Kissel, 54, of Anaheim, owns the world's largest known collection of replicas of historic American flags, according to flag experts. He has flags with nine stripes, flags with stars seemingly arranged at random, flags that he's designed with his own hand. He has 155 federal flags, 50 state flags and five territory flags.
"His collection is almost unbelievable," said David Martucci, president of the North American Vexillological Assn., the nation's largest group dedicated to the study of flags.
Today, Flag Day, is one of the biggest days of Kissel's year, a day he lives for.

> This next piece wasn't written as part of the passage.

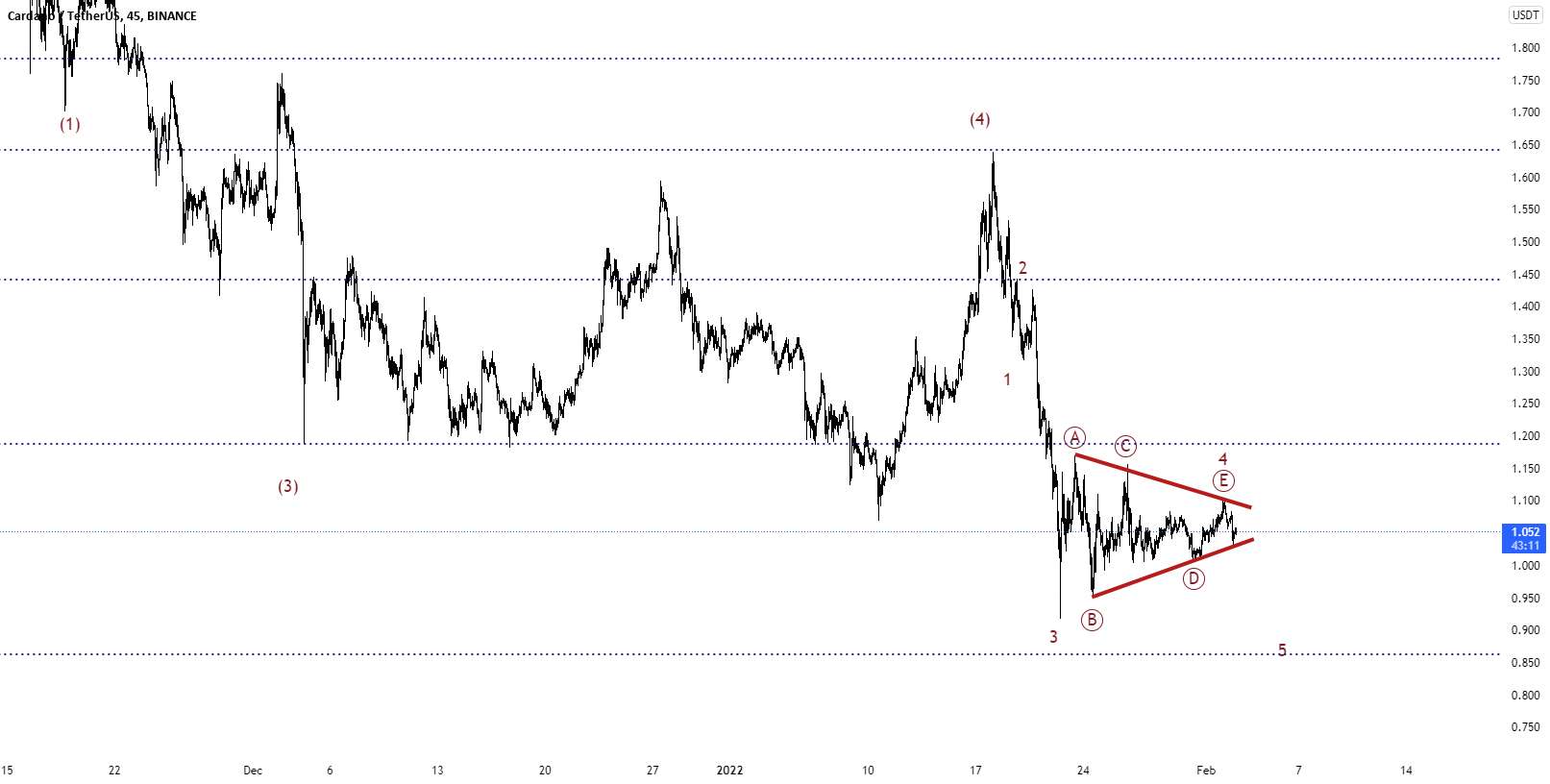 ADA-CARDANO تعداد امواج الیوت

"The flag, in all the forms it has taken over the years, represents to me everything that it is to be an American. It is a work of art," says Kissel, a chemist. "You have the stars, the states, the union, you have the stripes, which originally were there for merchant ships, but now symbolize fair commerce. I could go on about this forever."

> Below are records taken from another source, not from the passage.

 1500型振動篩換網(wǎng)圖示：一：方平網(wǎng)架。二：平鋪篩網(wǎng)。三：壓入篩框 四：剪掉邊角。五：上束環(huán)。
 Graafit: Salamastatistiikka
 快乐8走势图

He could, and he does; Kissel is an encyclopedia of flags.
If you want the story behind George Washington's personal flag and how it influenced the modern American flag, Kissel can easily engage you for an hour of storytelling. Ask for the stories of the dozens of Revolutionary War flags and he'll talk a flag a minute.
Kissel stands up, opens his briefcase, folds a piece of paper, wields a pair of scissors and offers up a perfect, crisp five-pointed star: "That's it. Simple as that. Betsy Ross didn't want to go through the work of making six-pointed stars, which was then a requirement to be a star."
Kissel says he "goes on forever about flags" because, he figures, most Americans know too little about the country's most recognizable icon, how it came to be and how--if you reach far enough back into history--one can find flags that have stars arranged like battlefield formations.
These days, he spends his free time preparing for and giving flag presentations. Today he is giving one in Downey. Last week he was in Anaheim, where he displayed 86 flags from his collection during the Anaheim Flag Day ceremony.
He said his patriot passion formed in 1985 when he was traveling the world on business and realized how little he knew about his homeland. "Everybody else seemed to know so much more about their country," he said. "I was stupid."
'We Live This,' Says His Wife
His compulsion began. He found a flag store that sold the famous Betsy Ross flag, and the buying and collecting went from there. As it stands, he's spent $14,000 on flags, forsaking vacations and other luxuries for "red, white and blue cotton."
His home, though, isn't what an outsider might expect from a flag fanatic, not at first glance at least. To be sure, outside there are often 11 flags hung for passersby. But inside, the flags are stacked neatly in a closet that breathes a musty and comforting smell of cardboard and cloth. They are out of sight and protected, as they should be, he said.
But look closer and little flags decorate model ships (appropriate for their era, of course), rest among arrangements of dried flowers and decorate the crannies of his house. "We live this," said his wife, Rosemary, 55, a teacher who gives presentations with her husband.
The reason Kissel has so many different flags, he says, is because it wasn't until 1912 that a law was passed that dictated an official uniformity for the flag. Before that, people were free to interpret the design as they wished. And that they did, a fact that drives Kissel to keep an eye out for a design that some seamstress put together 200 years ago.
"Ordinary people could make their own flags. You still can now; it may not be official, but it is not disrespectful--it is honorable--as long as it has the proper number of stripes and stars."